Omit the pictures found among the records and print everything else exactly as it stands.

-- Opening Marker --

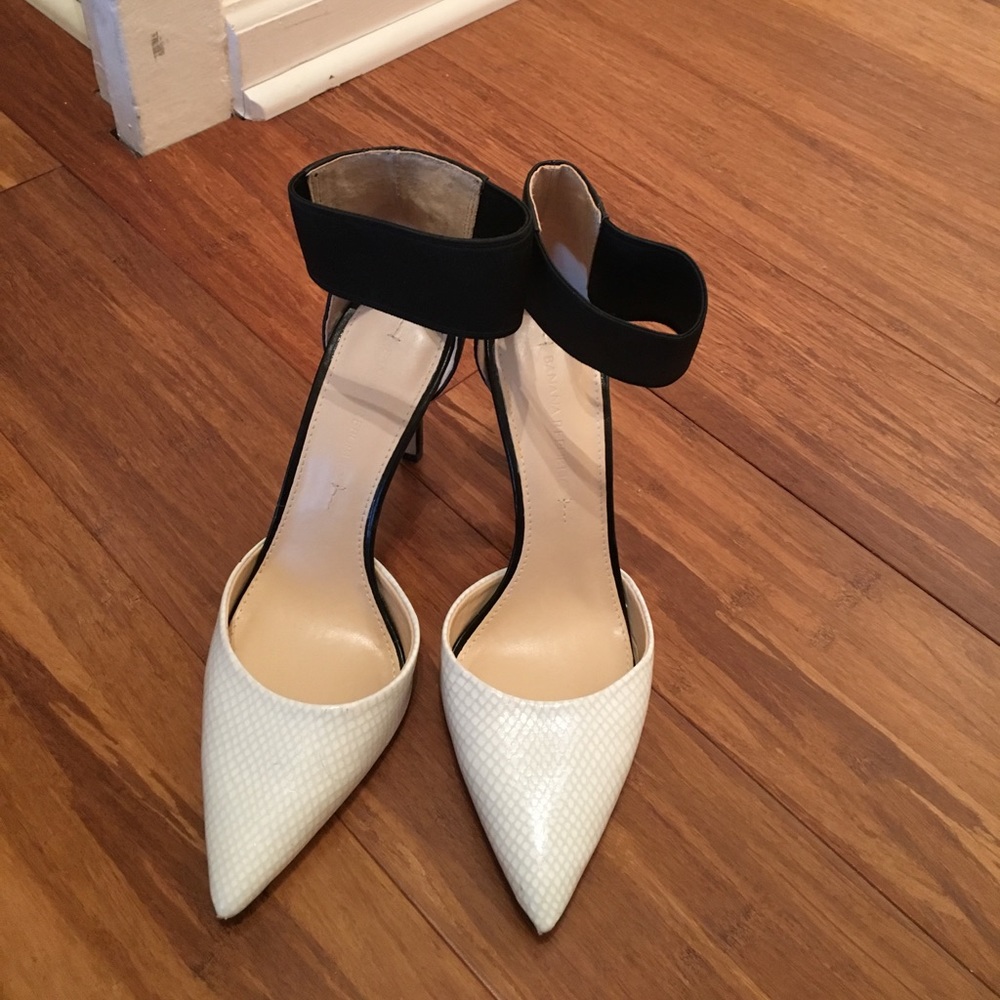 Black and white size six heels
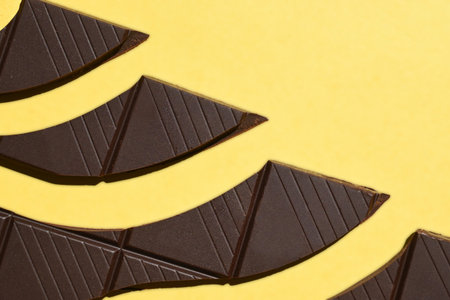 Chocolate bar broken in pieces, on yellow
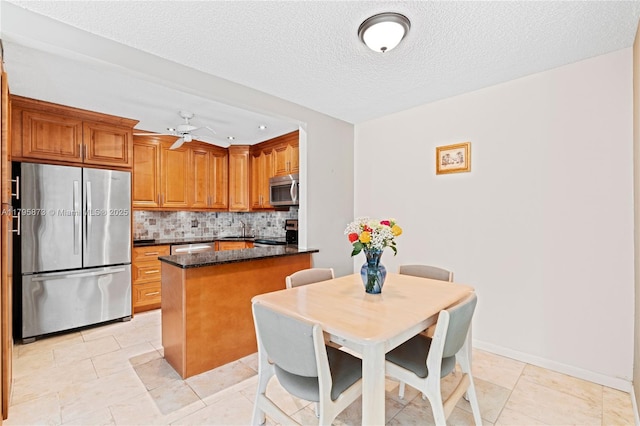 kitchen featuring stainless steel appliances, backsplash, brown cabinetry, ceiling fan, and a textured ceiling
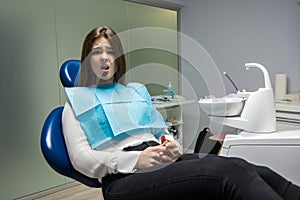 Beautiful young scared patient woman sitting in dental chair during examination at dental office looks frightened , healthcare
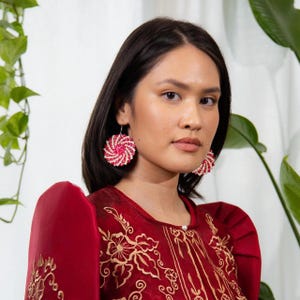 May include: Round earrings featuring a spiral pattern of small red and white beads. The earrings are worn with a deep red garment that has structured, pleated shoulders and intricate gold floral embroidery across the front chest area.
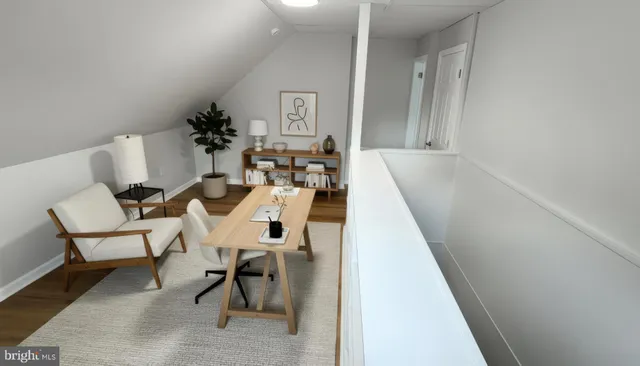 a living room with chairs and a table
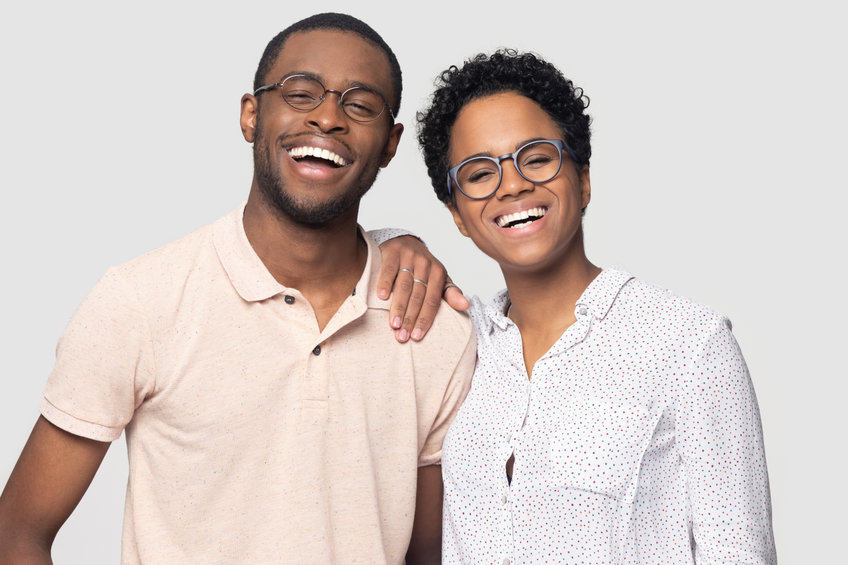 A smiling man and woman, both wearing glasses.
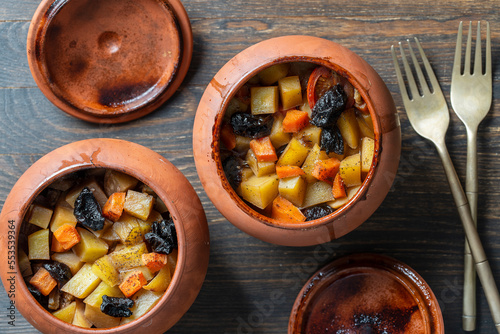Stewed potato, carrot, onion, tomato and prunes in a clay pots with lid on wooden background, closeup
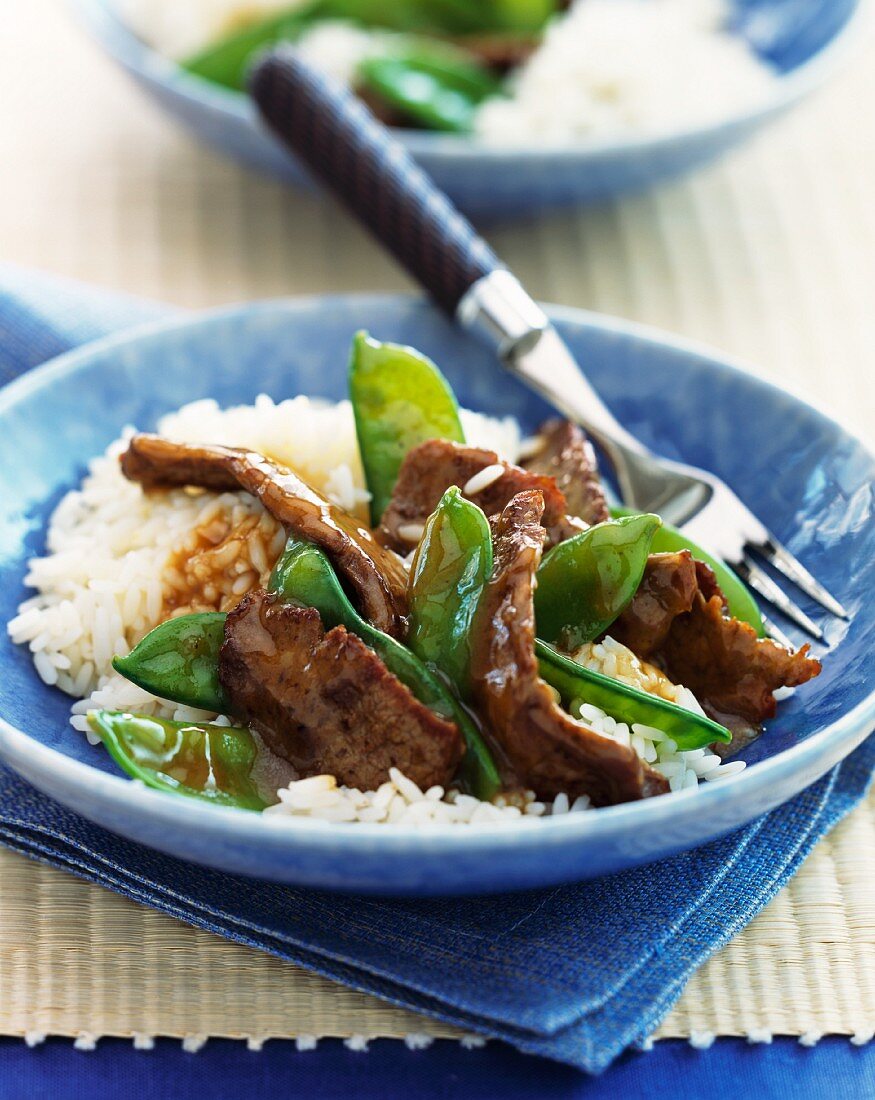 Beef and mange tout stir fry on a bed of rice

-- Closing Marker --

RESPONSE BOX:
 Black and white size six heels
 Chocolate bar broken in pieces, on yellow
 kitchen featuring stainless steel appliances, backsplash, brown cabinetry, ceiling fan, and a textured ceiling
 Beautiful young scared patient woman sitting in dental chair during examination at dental office looks frightened , healthcare
 May include: Round earrings featuring a spiral pattern of small red and white beads. The earrings are worn with a deep red garment that has structured, pleated shoulders and intricate gold floral embroidery across the front chest area.
 a living room with chairs and a table
 A smiling man and woman, both wearing glasses.
Stewed potato, carrot, onion, tomato and prunes in a clay pots with lid on wooden background, closeup
 Beef and mange tout stir fry on a bed of rice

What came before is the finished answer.